How to: Use combinable to Improve Performance

Article
08/03/2021

This example shows how to use the concurrency::combinable class to compute the sum of the numbers in a std::array object that are prime. The combinable class improves performance by eliminating shared state.

Tip

In some cases, parallel map (concurrency::parallel_transform) and reduce (concurrency:: parallel_reduce) can provide performance improvements over combinable. For an example that uses map and reduce operations to produce the same results as this example, see Parallel Algorithms.

Example - accumulate

The following example uses the std::accumulate function to compute the sum of the elements in an array that are prime. In this example, a is an array object and the is_prime function determines whether its input value is prime.

prime_sum = accumulate(begin(a), end(a), 0, [&](int acc, int i) {
   return acc + (is_prime(i) ? i : 0);
});

Example - parallel_for_each

The following example shows a naïve way to parallelize the previous example. This example uses the concurrency::parallel_for_each algorithm to process the array in parallel and a concurrency::critical_section object to synchronize access to the prime_sum variable.
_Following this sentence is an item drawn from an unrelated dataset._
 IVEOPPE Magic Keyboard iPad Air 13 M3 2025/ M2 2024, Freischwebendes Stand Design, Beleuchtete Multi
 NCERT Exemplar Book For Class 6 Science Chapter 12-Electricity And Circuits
This example does not scale because each thread must wait for the shared resource to become available.

critical_section cs;
prime_sum = 0;
parallel_for_each(begin(a), end(a), [&](int i) {
   cs.lock();
   prime_sum += (is_prime(i) ? i : 0);
   cs.unlock();
});

Example - combinable

The following example uses a combinable object to improve the performance of the previous example. This example eliminates the need for synchronization objects; it scales because the combinable object enables each thread to perform its task independently.
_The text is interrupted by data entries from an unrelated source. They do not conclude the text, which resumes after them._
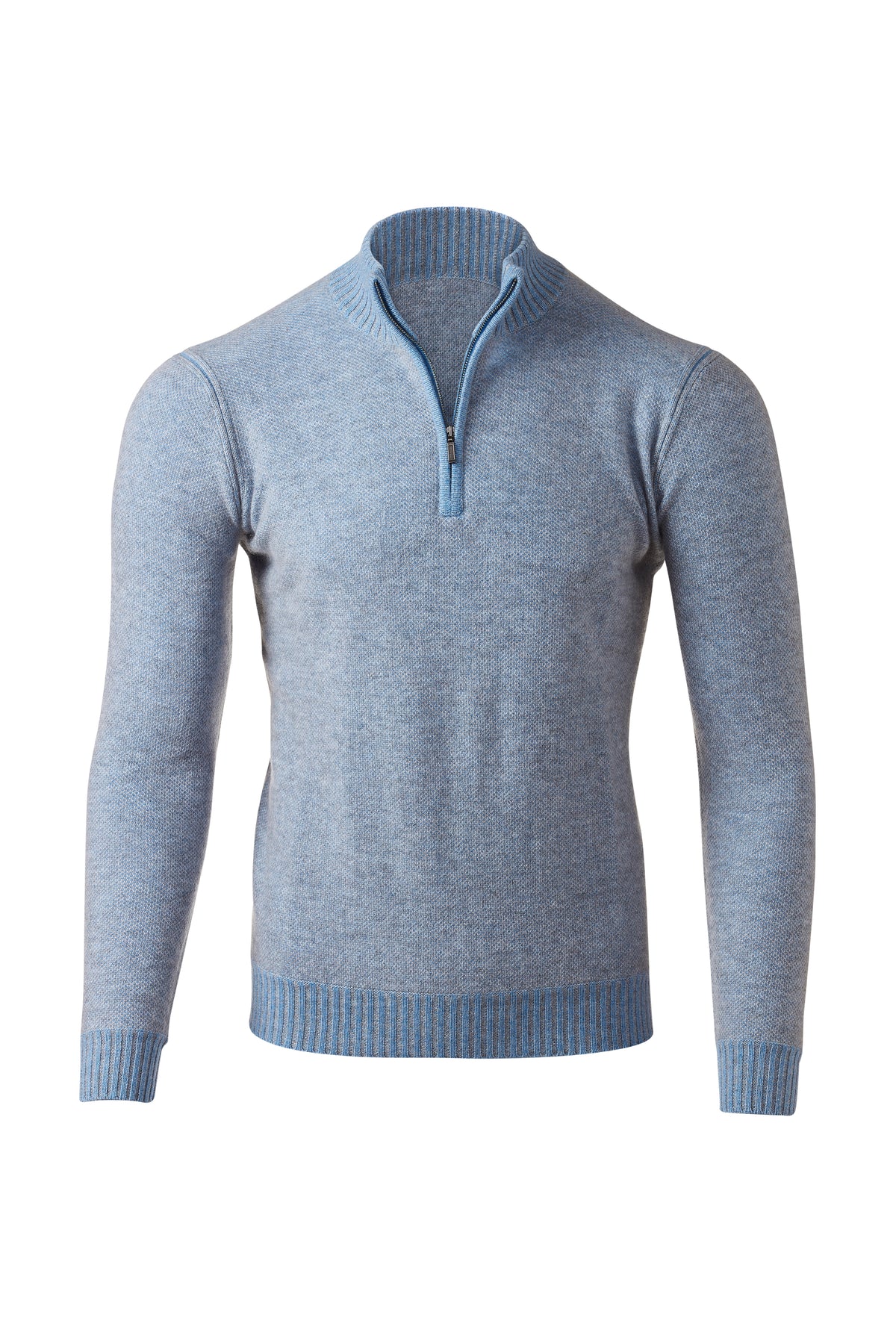 Plaited Pique Qtr Zip Mock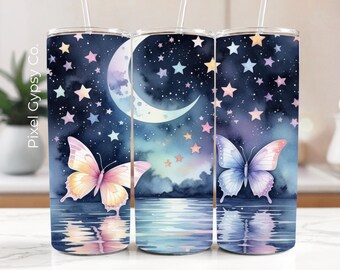 Pink Butterfly Tumbler Wrap PNG, Purple Butterfly 20oz Seamless Skinny Sublimation Design, Enchanting Butterfly Print, Girls Tumbler design
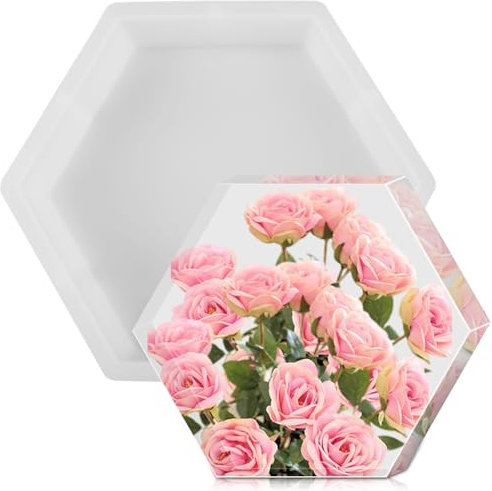 Groß Silikonformen Epoxidharz, Epoxidharz Formen Hexagon Resin Silikonform Epoxidharz Würfel Silikonformen für DIY Basteln Desktop Organizer Geschenk (Hexagon)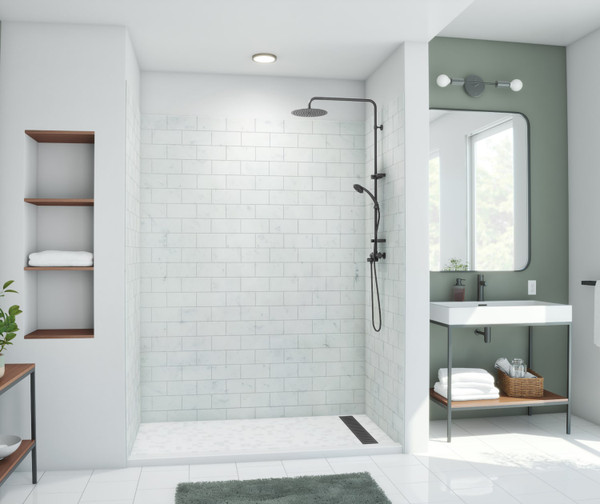 Swanstone Metro Subway Tile Glue-Up Bathtub and Shower Wall Kit, 30 x 62 x 84, Carrara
A combinable object is typically used in two steps. First, produce a series of fine-grained computations by performing work in parallel. Next, combine (or reduce) the computations into a final result. This example uses the concurrency::combinable::local method to obtain a reference to the local sum. It then uses the concurrency::combinable::combine method and a std::plus object to combine the local computations into the final result.

combinable<int> sum;
parallel_for_each(begin(a), end(a), [&](int i) {
   sum.local() += (is_prime(i) ? i : 0);
});
prime_sum = sum.combine(plus<int>());

Example - serial and parallel

The following complete example computes the sum of prime numbers both serially and in parallel. The example prints to the console the time that is required to perform both computations.

// parallel-sum-of-primes.cpp
// compile with: /EHsc
#include <windows.h>
#include <ppl.h>
#include <array>
#include <numeric>
#include <iostream>

using namespace concurrency;
using namespace std;

// Calls the provided work function and returns the number of milliseconds 
// that it takes to call that function.
template <class Function>
__int64 time_call(Function&& f)
{
   __int64 begin = GetTickCount();
   f();
   return GetTickCount() - begin;
}

// Determines whether the input value is prime.
bool is_prime(int n)
{
   if (n < 2)
      return false;
   for (int i = 2; i < n; ++i)
   {
      if ((n % i) == 0)
         return false;
   }
   return true;
}

int wmain()
{   
   // Create an array object that contains 200000 integers.
   array<int, 200000> a;

   // Initialize the array such that a[i] == i.
   iota(begin(a), end(a), 0);

   int prime_sum;
   __int64 elapsed;

   // Compute the sum of the numbers in the array that are prime.
   elapsed = time_call([&] {
      prime_sum = accumulate(begin(a), end(a), 0, [&](int acc, int i) {
         return acc + (is_prime(i) ? i : 0);
      });
   });   
   wcout << prime_sum << endl;   
   wcout << L"serial time: " << elapsed << L" ms" << endl << endl;

   // Now perform the same task in parallel.
   elapsed = time_call([&] {
      combinable<int> sum;
      parallel_for_each(begin(a), end(a), [&](int i) {
         sum.local() += (is_prime(i) ? i : 0);
      });
      prime_sum = sum.combine(plus<int>());
   });
   wcout << prime_sum << endl;
   wcout << L"parallel time: " << elapsed << L" ms" << endl << endl;
}

The following sample output is for a computer that has four processors.

1709600813
serial time: 6178 ms

1709600813
parallel time: 1638 ms

Compiling the Code

To compile the code, copy it and then paste it in a Visual Studio project, or paste it in a file that is named parallel-sum-of-primes.cpp and then run the following command in a Visual Studio Command Prompt window.

cl.exe /EHsc parallel-sum-of-primes.cpp

Robust Programming

For an example that uses map and reduce operations to produce the same results, see Parallel Algorithms.